Malicious SHA-1 (2014)

[purkka]

> H0(H1(m)) has the security of just H0. Hashes are not made to protect the content of m, but instead made to test the integrity of m. As such, a flaw in H0 will break the security guarantee, no matter how secure H1 is.

But this isn't true for all flaws. For example, even with the collision attacks against SHA-1, I don't think they're even remotely close to enabling a collision for SHA-1(some_other_hash(M)).

Similarly, HMAC-SHA-1 is still considered secure, as it's effectively SHA-1-X(SHA-1-Y(M)), where SHA-1-X and SHA-1-Y are just SHA-1 with different starting states.

So there's some value to be found in nesting hashes.

[1]: https://en.wikipedia.org/wiki/HMAC#Definition

[Genbox]

We are saying the same thing.

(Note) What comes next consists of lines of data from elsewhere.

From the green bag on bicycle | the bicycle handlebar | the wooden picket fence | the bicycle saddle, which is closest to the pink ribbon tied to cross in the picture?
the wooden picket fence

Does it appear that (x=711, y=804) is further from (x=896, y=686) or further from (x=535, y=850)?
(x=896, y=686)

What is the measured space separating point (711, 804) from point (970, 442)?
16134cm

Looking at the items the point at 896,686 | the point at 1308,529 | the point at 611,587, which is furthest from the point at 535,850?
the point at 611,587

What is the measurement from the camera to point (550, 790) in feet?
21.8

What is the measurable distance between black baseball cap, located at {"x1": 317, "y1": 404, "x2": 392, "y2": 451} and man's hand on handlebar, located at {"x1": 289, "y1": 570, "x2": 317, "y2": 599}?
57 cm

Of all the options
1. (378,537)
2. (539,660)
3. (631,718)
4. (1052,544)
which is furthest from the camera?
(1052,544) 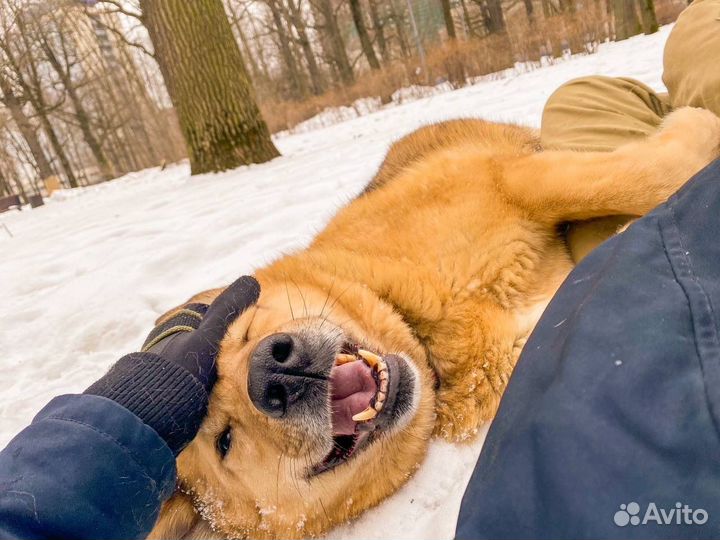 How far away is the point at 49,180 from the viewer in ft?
62.2

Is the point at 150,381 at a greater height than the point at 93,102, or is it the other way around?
the point at 93,102

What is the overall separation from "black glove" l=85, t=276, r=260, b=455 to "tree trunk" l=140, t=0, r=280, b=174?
230 inches

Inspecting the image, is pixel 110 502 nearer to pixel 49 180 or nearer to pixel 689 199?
pixel 689 199

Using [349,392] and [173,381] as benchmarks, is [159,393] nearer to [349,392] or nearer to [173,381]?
[173,381]

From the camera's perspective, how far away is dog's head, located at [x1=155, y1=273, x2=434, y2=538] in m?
1.52

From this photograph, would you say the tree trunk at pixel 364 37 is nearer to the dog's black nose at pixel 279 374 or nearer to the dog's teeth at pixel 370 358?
the dog's teeth at pixel 370 358

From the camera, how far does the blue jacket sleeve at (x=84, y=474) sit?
1106 mm

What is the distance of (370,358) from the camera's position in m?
1.67

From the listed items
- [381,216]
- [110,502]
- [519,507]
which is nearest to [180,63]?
[381,216]

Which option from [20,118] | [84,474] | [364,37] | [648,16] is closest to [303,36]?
[364,37]

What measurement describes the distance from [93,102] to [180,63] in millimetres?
28433

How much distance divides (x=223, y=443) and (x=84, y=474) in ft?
1.62

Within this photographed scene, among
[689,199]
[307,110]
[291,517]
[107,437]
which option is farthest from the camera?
[307,110]

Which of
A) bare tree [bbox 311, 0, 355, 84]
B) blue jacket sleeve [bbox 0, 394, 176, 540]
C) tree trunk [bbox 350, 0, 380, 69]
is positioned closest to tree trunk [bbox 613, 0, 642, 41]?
blue jacket sleeve [bbox 0, 394, 176, 540] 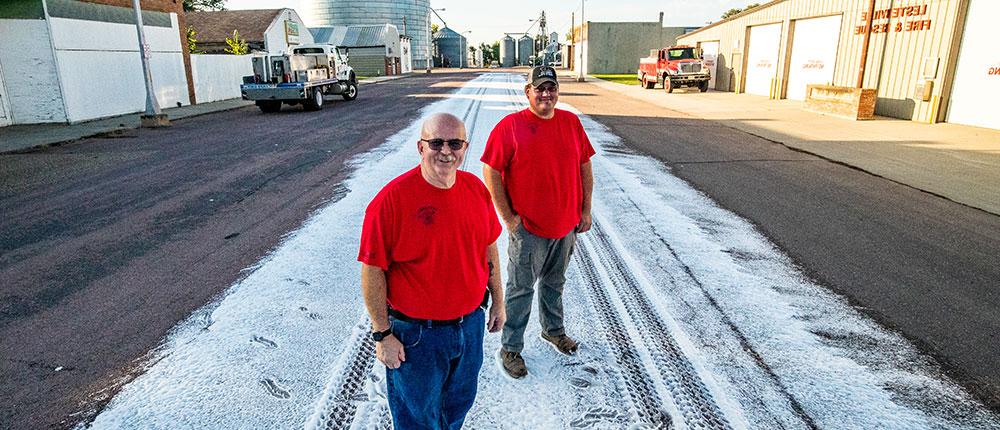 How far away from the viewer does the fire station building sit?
14.2 m

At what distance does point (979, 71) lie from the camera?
14133mm

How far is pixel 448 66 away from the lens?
4178 inches

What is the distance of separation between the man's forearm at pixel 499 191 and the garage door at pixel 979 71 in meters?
16.2

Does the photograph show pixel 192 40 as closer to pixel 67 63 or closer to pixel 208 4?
pixel 67 63

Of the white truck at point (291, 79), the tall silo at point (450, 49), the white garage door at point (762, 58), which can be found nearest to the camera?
the white truck at point (291, 79)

H0 is SHA-1 in your example.

The strength of an HMAC depends on the strength of the hash function; however, since it uses two derived keys, the outer hash protects the inner hash (using the same hash function), which in turn provides protection against length extension attacks.

The case I was making, is that weakhash(stronghash(m)) has the security of weakhash, no matter how strong stronghash is.

[purkka]

> The case I was making, is that weakhash(stronghash(m)) has the security of weakhash, no matter how strong stronghash is.

I'll have to disagree. There are no known collision attacks against SHA-1(SHA-3(M)), so in the applied case, a combination can be more secure for some properties, even if it isn't in the theoretical case.

[rurban]

There is only SHA-1 with a fixed starting state!

Once you change the IV the hash becomes entirely insecure and can be broken in seconds. You just need to overwrite the first IV word with 0, and it's broken. It's a very weak and fragile hash function. They demonstrated it with internal constants K1-K4, but the IV is external, and may be abused as random seed.